Data Warehousing – In today’s flood of data, it is becoming increasingly difficult to maintain a clear data management system. More and more data sources are recorded via different software systems.
A unified, centralized system can facilitate analysis and ensure that only one data truth exists in an organization.
Table of Contents
What is a Data Warehouse System?
Data warehouse systems are built by integrating data from multiple heterogeneous sources and, in addition to centralization, performs the task of structuring data, supporting analytical reporting and structuring decision-making.
The system can perform data cleansing as well as data integration and data consolidation and does not require transaction processing or recovery.
It is thus a powerful Big Data information system that can centrally handle everything related to data processing.
What does a Data Warehouse structure look like?
The term data warehouse is used to describe various architectures and systems. However, multi-layer architectures are typical. In this article, we will introduce you to the most commonly used three-tier architecture.
If you are interested in the different types, you should read this article from us on the topic. Here we present the individual types in detail.
This article is primarily about what the advantages of the system actually are and how the data communication works.
Data Warehousing Features
Data warehousing offers several features. Such an information system is subject oriented. It does not focus on the current operation, as these data are separated. This means that frequent changes in the operational database are not reflected in the data warehouse. Thus, the focus is on modeling and analysis of data.

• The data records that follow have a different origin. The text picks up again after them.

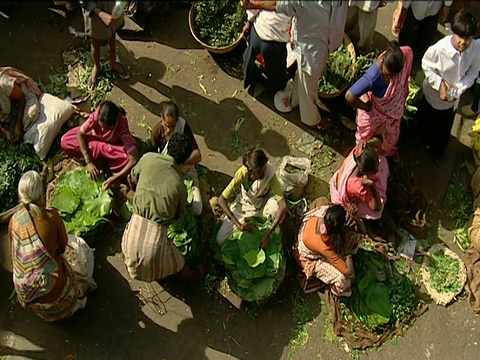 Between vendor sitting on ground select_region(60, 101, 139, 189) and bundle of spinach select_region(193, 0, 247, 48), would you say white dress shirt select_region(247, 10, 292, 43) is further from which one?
vendor sitting on ground select_region(60, 101, 139, 189)

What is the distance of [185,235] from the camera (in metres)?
5.63

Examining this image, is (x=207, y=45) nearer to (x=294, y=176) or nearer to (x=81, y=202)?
(x=294, y=176)

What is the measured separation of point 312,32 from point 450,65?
120cm

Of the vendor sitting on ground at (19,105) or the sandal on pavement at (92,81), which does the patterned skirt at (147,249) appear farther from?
the sandal on pavement at (92,81)

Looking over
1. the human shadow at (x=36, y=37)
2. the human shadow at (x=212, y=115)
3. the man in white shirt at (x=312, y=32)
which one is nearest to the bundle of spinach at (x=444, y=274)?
the human shadow at (x=212, y=115)

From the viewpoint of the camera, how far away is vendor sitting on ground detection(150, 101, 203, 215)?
563cm

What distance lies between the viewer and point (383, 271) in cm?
579

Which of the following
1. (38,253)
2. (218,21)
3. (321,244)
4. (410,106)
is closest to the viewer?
(38,253)

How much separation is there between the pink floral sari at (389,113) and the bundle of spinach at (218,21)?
5.63ft

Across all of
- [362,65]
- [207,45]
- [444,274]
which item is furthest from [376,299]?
[207,45]

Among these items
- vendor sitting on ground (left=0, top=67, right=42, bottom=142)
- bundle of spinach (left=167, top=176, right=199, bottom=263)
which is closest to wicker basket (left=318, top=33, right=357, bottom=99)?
bundle of spinach (left=167, top=176, right=199, bottom=263)

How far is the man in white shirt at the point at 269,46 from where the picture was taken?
19.4 ft

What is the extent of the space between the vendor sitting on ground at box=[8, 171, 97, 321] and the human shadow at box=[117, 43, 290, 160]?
1998mm

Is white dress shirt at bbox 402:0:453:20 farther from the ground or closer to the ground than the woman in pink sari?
farther from the ground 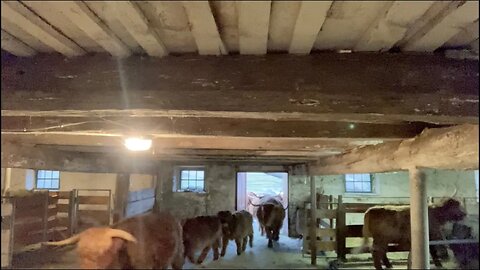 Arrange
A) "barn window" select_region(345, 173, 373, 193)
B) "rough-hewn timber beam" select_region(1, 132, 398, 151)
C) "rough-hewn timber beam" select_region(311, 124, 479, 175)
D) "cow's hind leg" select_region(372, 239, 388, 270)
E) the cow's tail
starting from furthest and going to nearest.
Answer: "barn window" select_region(345, 173, 373, 193) < the cow's tail < "cow's hind leg" select_region(372, 239, 388, 270) < "rough-hewn timber beam" select_region(1, 132, 398, 151) < "rough-hewn timber beam" select_region(311, 124, 479, 175)

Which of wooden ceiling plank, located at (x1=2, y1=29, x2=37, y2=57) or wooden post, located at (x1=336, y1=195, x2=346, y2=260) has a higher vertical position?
wooden ceiling plank, located at (x1=2, y1=29, x2=37, y2=57)

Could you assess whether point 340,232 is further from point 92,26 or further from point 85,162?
point 92,26

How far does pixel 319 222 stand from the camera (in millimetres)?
5977

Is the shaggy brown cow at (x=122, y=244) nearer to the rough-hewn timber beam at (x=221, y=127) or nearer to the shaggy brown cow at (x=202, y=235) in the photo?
the rough-hewn timber beam at (x=221, y=127)

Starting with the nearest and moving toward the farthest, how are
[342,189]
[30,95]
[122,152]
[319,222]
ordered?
1. [30,95]
2. [122,152]
3. [319,222]
4. [342,189]

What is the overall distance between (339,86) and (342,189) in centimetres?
654

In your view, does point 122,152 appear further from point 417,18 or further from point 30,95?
point 417,18

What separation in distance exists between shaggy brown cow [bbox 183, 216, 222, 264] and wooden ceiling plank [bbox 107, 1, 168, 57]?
2.68 meters

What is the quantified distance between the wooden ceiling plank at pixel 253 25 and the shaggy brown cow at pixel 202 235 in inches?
108

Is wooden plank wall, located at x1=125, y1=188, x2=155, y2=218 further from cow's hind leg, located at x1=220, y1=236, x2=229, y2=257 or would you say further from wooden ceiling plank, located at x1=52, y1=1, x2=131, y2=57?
cow's hind leg, located at x1=220, y1=236, x2=229, y2=257

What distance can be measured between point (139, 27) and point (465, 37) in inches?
33.5

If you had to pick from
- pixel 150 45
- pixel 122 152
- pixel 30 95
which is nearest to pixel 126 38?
pixel 150 45

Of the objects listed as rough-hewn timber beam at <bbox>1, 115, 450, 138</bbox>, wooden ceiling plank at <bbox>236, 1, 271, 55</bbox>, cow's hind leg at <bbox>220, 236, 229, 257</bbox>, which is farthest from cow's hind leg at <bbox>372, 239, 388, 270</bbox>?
wooden ceiling plank at <bbox>236, 1, 271, 55</bbox>

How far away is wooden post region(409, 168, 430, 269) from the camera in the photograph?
1.71m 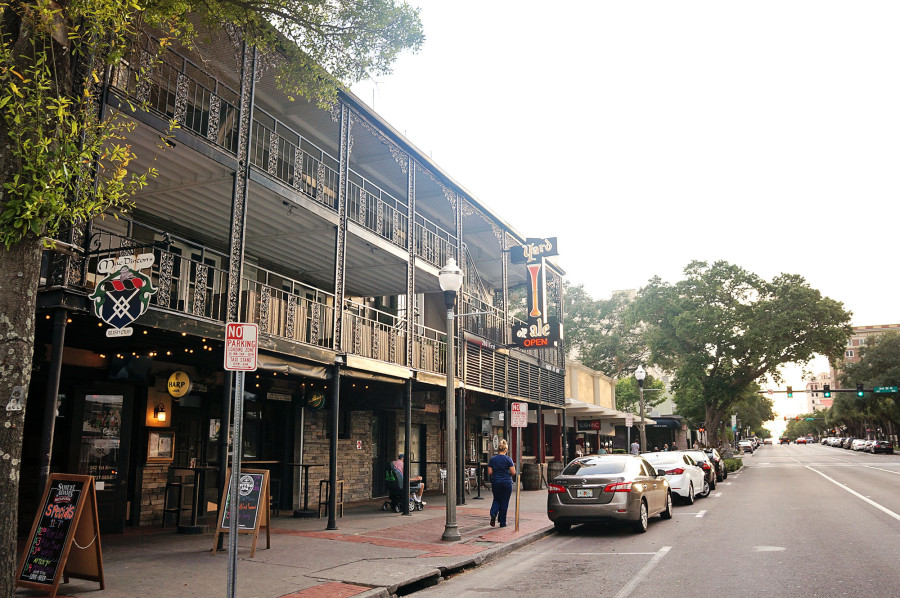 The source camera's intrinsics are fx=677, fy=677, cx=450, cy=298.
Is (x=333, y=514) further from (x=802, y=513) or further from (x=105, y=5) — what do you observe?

The system is Time variant, which means that the collected data are identified with a certain period of time and previous data are not deleted when new data are added.
However, some terms that often come up in connection with this system need to be clarified.

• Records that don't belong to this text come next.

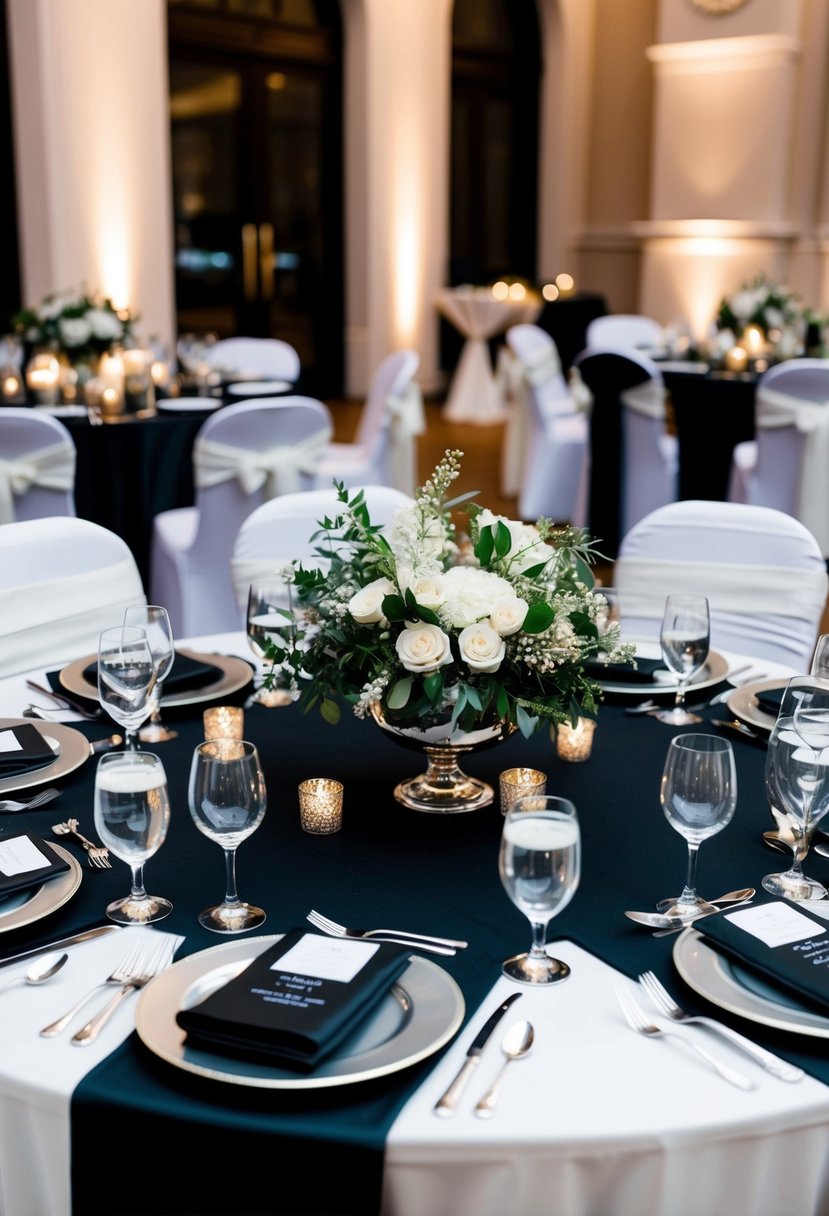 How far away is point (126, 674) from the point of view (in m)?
1.73

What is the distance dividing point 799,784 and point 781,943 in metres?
0.21

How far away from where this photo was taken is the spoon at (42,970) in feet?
4.10

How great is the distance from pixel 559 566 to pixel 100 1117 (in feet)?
2.91

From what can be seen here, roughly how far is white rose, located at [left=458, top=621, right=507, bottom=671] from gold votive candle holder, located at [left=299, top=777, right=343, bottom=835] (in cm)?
25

When metadata is mentioned, a kind of roadmap to the data warehouse is meant. Here the warehouse objects are defined and it acts as a directory. This means that the decision support system finds the contents via the metadata.

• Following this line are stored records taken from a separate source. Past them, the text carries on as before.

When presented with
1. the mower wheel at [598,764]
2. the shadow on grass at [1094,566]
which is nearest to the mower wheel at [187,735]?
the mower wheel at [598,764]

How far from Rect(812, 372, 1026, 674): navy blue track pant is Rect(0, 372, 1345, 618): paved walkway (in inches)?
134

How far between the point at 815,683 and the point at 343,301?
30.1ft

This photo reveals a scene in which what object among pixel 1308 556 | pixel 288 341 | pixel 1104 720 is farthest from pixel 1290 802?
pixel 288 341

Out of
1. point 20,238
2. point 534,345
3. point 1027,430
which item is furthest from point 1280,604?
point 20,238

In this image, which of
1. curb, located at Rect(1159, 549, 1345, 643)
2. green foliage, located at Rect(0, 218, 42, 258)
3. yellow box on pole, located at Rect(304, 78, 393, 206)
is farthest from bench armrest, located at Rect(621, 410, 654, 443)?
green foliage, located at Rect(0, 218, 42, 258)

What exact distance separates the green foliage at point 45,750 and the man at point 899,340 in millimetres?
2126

The metadata is stored in the metadata repository. An integral directory that manages both the business metadata, i.e. data ownership information, business definition and change policies, and the operational metadata. Operational metadata refers to the timeliness of the data is it active, archived or cleansed, and data lineage, which is the history of the data. This includes the data used to map the operational environment, source databases and their contents, data extraction, data partitioning, cleansing, transformation rules, data refreshing and cleansing rules, but also the algorithms for summation, dimensional algorithms, data for granularity, aggregation, summation, etc.
The so-called data cube represents data in multiple dimensions and the data mart contains only the data specific to a certain group.
Load Data into Warehouse
In addition to the different components and architectures, data can also be transmitted to the information system in different ways.
As shown in the figure, a basic distinction is made between two elementary processes.
What is ELT?
Extract, Load, and Transform, or ELT for short, is about extracting aggregate information from the source system and loading it into the target method.
The following figure shows such an example system. In this case, the Hadoop framework handles the central data management, while applications and analysis tools access the untransformed data.
What is ETL?
In Extract, Transform and Load, or ETL for short, the data set is first extracted from the sources into a staging area, then transformed or reformatted with business manipulation performed on it, and only then loaded into the target or destination database or data warehouse.